Franz Schubert was born on January 31, 1797. On the occasion of his 200th birthday, numerous concerts, evenings of song and Schubertfests are being arranged this year. Joyfully, there will also be performed many unknown works of this great composer, which will offer a glimpse into the development of the entirety of the work of this gifted personality of art. It will become extremely clear thereby, that Schubert was, in no way, the shallow, Romantic-decorative dreamer, that he is always claimed to be today.

``Schubert has the right mixture of the ideal and the real. The world to him is beautiful.'' So his friend. the poet Eduard von Bauernfeld, characterized him when they met. But the dimensions of his work also show how senseless, indeed how idiotic is all the modern babble about Schubert's alleged ``music of death.'' Contrary to the ``modern'' jangling of words by death-fixated sociologists of music and music critics, the most blooming life springs from every single tone of Schubert's work.

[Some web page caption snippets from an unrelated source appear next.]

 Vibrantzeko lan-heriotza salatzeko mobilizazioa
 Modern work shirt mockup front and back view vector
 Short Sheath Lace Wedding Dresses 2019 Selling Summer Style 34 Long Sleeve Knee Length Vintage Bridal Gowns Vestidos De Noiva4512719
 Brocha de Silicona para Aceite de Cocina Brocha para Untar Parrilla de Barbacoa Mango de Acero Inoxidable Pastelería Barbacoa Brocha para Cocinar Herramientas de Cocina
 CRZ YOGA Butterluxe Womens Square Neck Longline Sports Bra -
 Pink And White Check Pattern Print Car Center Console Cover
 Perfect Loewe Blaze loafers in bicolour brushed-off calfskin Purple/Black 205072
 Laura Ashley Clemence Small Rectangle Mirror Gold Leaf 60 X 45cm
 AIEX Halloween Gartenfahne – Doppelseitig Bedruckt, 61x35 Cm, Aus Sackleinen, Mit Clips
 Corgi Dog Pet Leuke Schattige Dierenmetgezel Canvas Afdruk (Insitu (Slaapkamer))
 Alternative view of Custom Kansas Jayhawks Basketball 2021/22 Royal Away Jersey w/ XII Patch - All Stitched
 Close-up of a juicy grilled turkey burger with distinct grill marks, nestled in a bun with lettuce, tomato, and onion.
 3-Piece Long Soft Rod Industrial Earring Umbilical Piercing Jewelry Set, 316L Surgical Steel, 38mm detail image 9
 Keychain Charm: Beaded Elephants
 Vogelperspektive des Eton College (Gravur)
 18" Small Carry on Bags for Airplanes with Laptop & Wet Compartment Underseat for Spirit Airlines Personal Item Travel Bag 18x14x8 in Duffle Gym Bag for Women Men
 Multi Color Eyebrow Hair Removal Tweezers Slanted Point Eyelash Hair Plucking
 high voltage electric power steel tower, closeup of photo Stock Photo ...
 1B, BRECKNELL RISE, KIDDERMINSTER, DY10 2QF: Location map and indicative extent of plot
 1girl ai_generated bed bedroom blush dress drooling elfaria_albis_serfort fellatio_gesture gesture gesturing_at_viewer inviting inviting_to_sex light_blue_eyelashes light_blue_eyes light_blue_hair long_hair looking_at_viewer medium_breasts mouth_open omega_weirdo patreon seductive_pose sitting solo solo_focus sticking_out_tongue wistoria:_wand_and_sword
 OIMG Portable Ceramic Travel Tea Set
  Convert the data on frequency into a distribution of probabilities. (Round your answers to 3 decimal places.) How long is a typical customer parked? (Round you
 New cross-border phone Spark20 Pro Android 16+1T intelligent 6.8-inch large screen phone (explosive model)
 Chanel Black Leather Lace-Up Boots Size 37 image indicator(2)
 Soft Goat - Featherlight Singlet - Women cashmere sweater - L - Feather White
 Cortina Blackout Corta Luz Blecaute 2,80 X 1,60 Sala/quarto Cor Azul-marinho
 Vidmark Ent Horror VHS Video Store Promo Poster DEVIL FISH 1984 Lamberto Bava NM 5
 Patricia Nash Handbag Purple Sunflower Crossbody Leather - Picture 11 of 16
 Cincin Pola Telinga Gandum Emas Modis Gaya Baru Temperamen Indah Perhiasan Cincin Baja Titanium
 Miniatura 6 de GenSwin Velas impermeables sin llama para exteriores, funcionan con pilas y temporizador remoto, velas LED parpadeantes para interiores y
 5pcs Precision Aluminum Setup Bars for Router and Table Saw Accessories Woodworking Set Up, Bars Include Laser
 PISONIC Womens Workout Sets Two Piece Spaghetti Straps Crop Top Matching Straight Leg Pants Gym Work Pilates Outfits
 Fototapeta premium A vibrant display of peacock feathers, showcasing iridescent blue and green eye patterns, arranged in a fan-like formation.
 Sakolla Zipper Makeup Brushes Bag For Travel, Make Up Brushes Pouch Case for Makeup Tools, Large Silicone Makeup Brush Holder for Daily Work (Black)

Franz Schubert, who lived only 31 years, composed over 600 songs, six masses, eight symphonies, 15 piano sonatas, numerous piano works and piano pieces for four hands, 15 string quartets, and octet, a string quintet, string trios, piano trios, overtures, polyphonic vocal music and operas.

With his songs and vocal works, beginning with ``Gretchen am Spinnrad'' (``Gretchen at the Spinning Wheel'') and ``Erlkönig'' (``The Elf King''), through the song-cycle of the ``Die Schöne Müllerin'' (``The Beautiful Miller-Girl'') and the ``Die Winterreise'' (``Winter Journey''), Schubert invented a new form of piano song, which up to today, is generally valued as the essence of such song.

His late string quartets and piano sonatas reach the level of Beethoven's late work. His great C-Major Symphony stands full on a par with Beethoven's symphonic works.

Who really was the genuis and poet of tones, Franz Schubert? And how did he reach his artistic mastery so early?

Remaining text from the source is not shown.